SOME SONGS MAKE GREAT SHORT STORIES (Chapter 54)

One thing you can never accuse me of being is topical.

Hey Charlie I’m pregnant and living on 9th Street
Right above a dirty bookstore off Euclid Avenue
And I stopped takin dope and I quit drinkin whiskey
And my old man plays the trombone and works out at the track

He says that he loves me even though it’s not his baby
He says that he’ll raise him up like he would his own son
And he gave me a ring that was worn by his mother
And he takes me out dancin every Saturday night

And hey Charlie I think about you everytime I pass a fillin station
On account of all the grease you used to wear in your hair
And I still have that record of Little Anthony and the Imperials
But someone stole my record player now how do you like that?

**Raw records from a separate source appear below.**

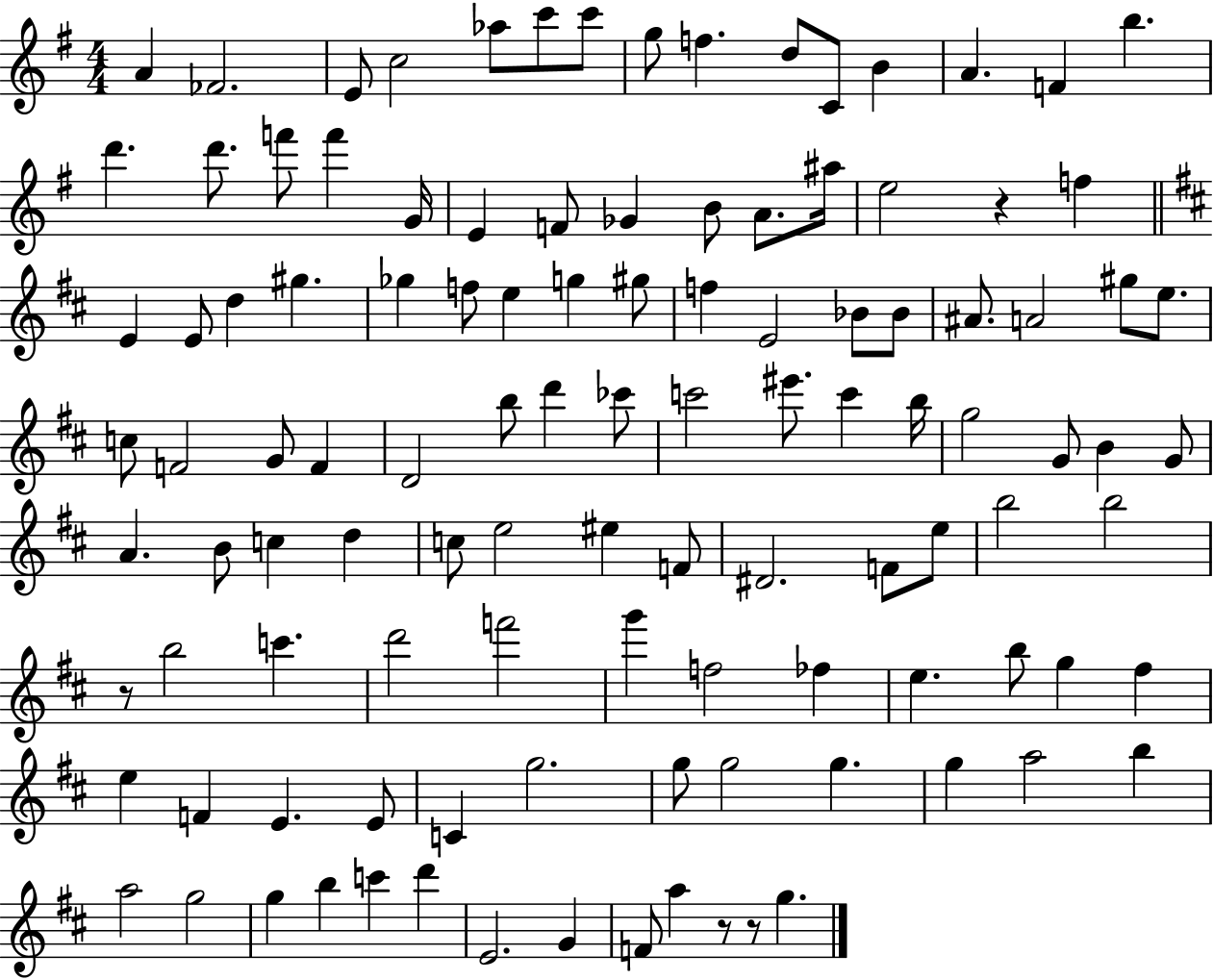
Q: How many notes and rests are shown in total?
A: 112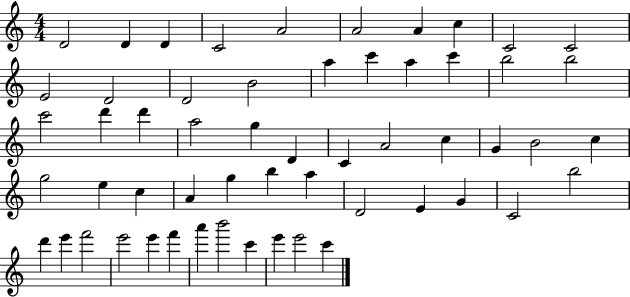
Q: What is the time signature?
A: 4/4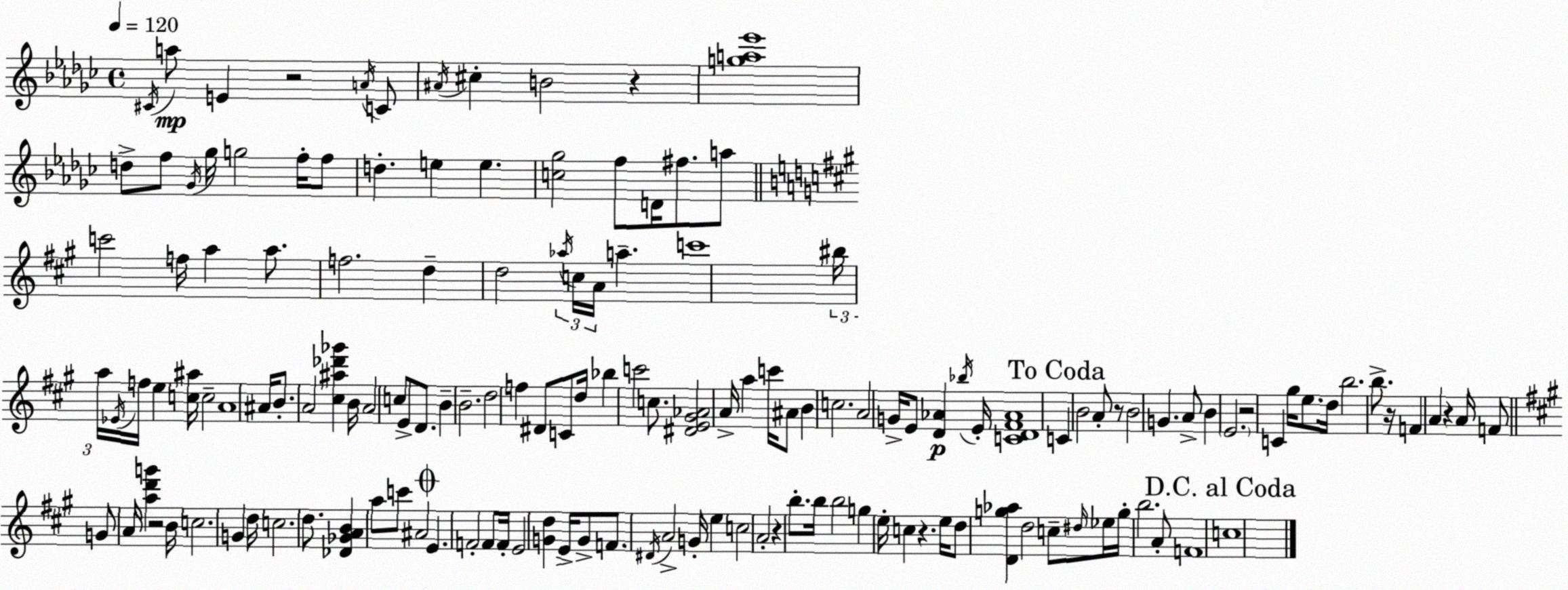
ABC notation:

X:1
T:Untitled
M:4/4
L:1/4
K:Ebm
^C/4 a/2 E z2 A/4 C/2 ^A/4 ^c B2 z [ga_e']4 d/2 f/2 _G/4 _g/4 g2 f/4 f/2 d e e [c_g]2 f/2 D/4 ^f/2 a/2 c'2 f/4 a a/2 f2 d d2 _a/4 c/4 A/4 a c'4 ^b/4 a/4 _E/4 f/4 e [c^a]/4 c2 A4 ^A/4 B/2 A2 [^c^a_d'_g'] B/4 A2 c/2 E/2 D/2 B B2 d2 f ^D/2 C/2 d/4 _b c'2 c/2 [^DE^G_A]2 A/4 a c'/4 ^A/2 B c2 A2 G/4 E/2 [D_A] _b/4 E/4 [CD^F_A]4 C B2 A/2 z/2 B2 G A/2 B E2 z2 C ^g/4 e/2 d/4 b2 b/2 z/4 F A z A/4 F/2 G/2 A/4 [ad'g'] z2 B/4 c2 G d/4 c2 d/2 [_D_GAB] a/2 c'/2 ^A2 E F2 F/2 F/4 E2 [Gd] E/4 G/2 F/2 ^D/4 A2 G/4 e c2 A2 z b/2 b/4 b2 g e/4 c z e/4 d/2 [Dg_a] d2 c/2 ^d/4 _e/4 g/4 b2 A/2 F4 c4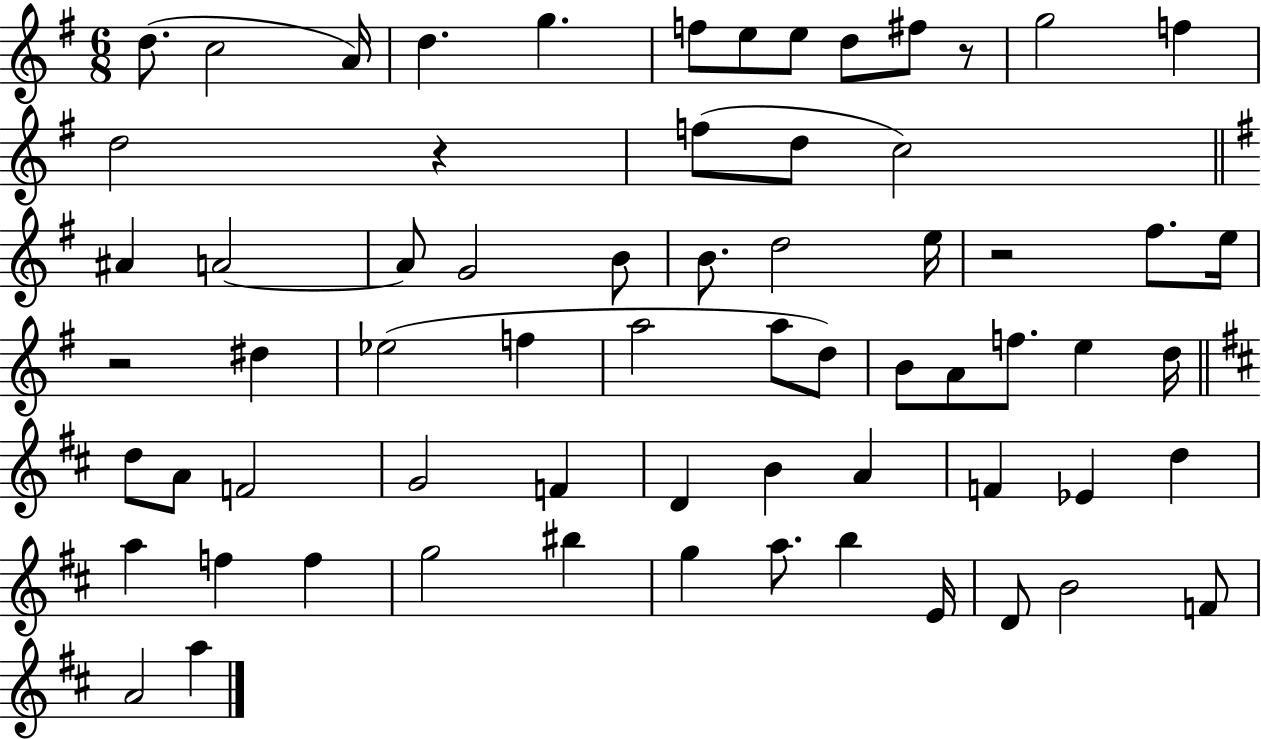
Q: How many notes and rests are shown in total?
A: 66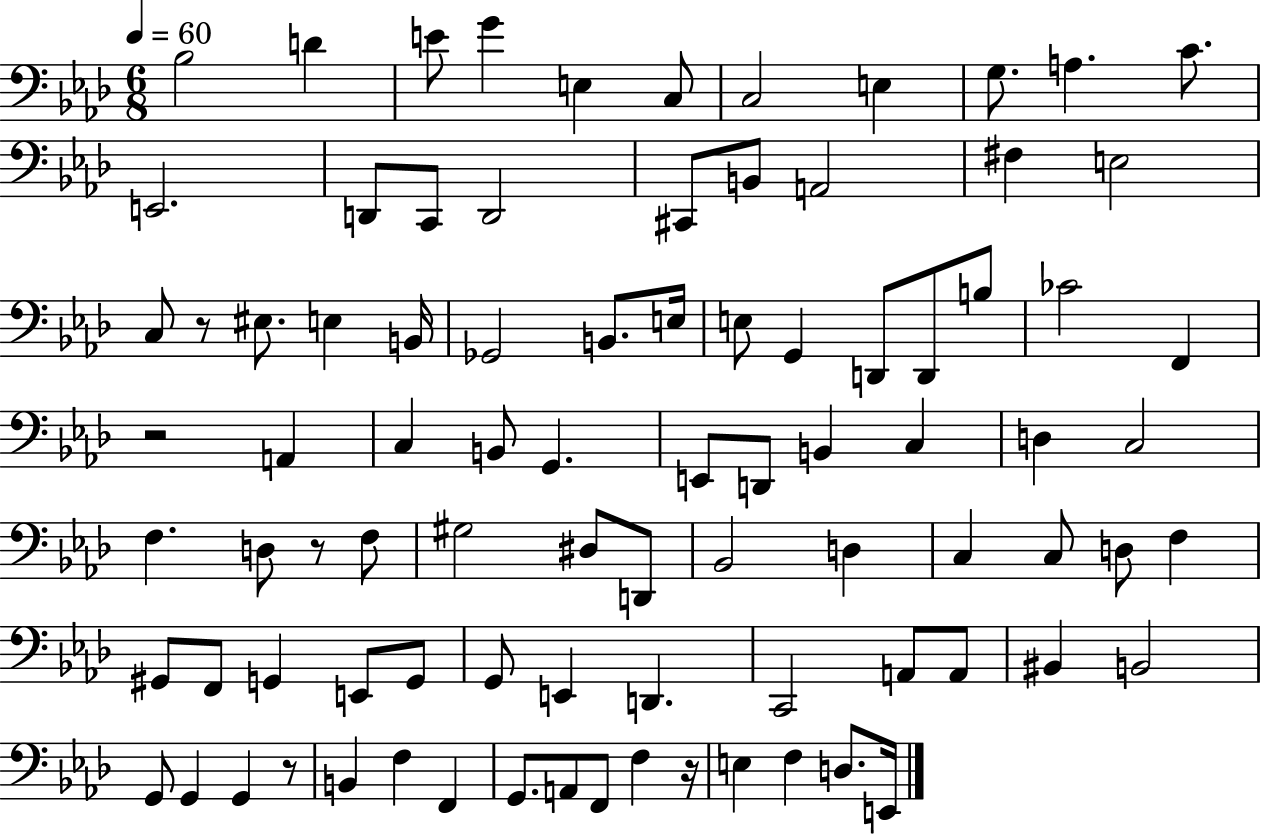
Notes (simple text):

Bb3/h D4/q E4/e G4/q E3/q C3/e C3/h E3/q G3/e. A3/q. C4/e. E2/h. D2/e C2/e D2/h C#2/e B2/e A2/h F#3/q E3/h C3/e R/e EIS3/e. E3/q B2/s Gb2/h B2/e. E3/s E3/e G2/q D2/e D2/e B3/e CES4/h F2/q R/h A2/q C3/q B2/e G2/q. E2/e D2/e B2/q C3/q D3/q C3/h F3/q. D3/e R/e F3/e G#3/h D#3/e D2/e Bb2/h D3/q C3/q C3/e D3/e F3/q G#2/e F2/e G2/q E2/e G2/e G2/e E2/q D2/q. C2/h A2/e A2/e BIS2/q B2/h G2/e G2/q G2/q R/e B2/q F3/q F2/q G2/e. A2/e F2/e F3/q R/s E3/q F3/q D3/e. E2/s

Hey Charlie I almost went crazy after Mario got busted
I went back to Omaha to live with my folks
But everyone I used to know was either dead or in prison
So I came back to Minneapolis this time I think I’m gonna stay

Hey Charlie I think I’m happy for the first time since my accident
And I wish I had all the money we used to spend on dope
I’d buy me a used car lot and I wouldn’t sell any of em
I’d just drive a different car every day dependin on how I feel

Hey Charlie for chrissakes if you want to know the truth of it
I don’t have a husband he don’t play the trombone
I need to borrow money to pay this lawyer and Charlie hey
I’ll be eligible for parole come Valentine’s day

mp3: Tom Waits – Christmas Card From A Hooker in Minneapolis

From the 1977 album, Blue Valentine

JC

4 thoughts on “SOME SONGS MAKE GREAT SHORT STORIES (Chapter 54)

  1. One of Waits’s brilliantly economic character sketches. On the same album Kentucky Avenue is a cinematic tear-jerker and one of his lyrical masterpieces. First ten Waits albums are impeccable (quite a feat). After that, some of the Brecht and Weill allusions and weird vocal treatments can get a bit wearing in places (Mule Variations is a classic though).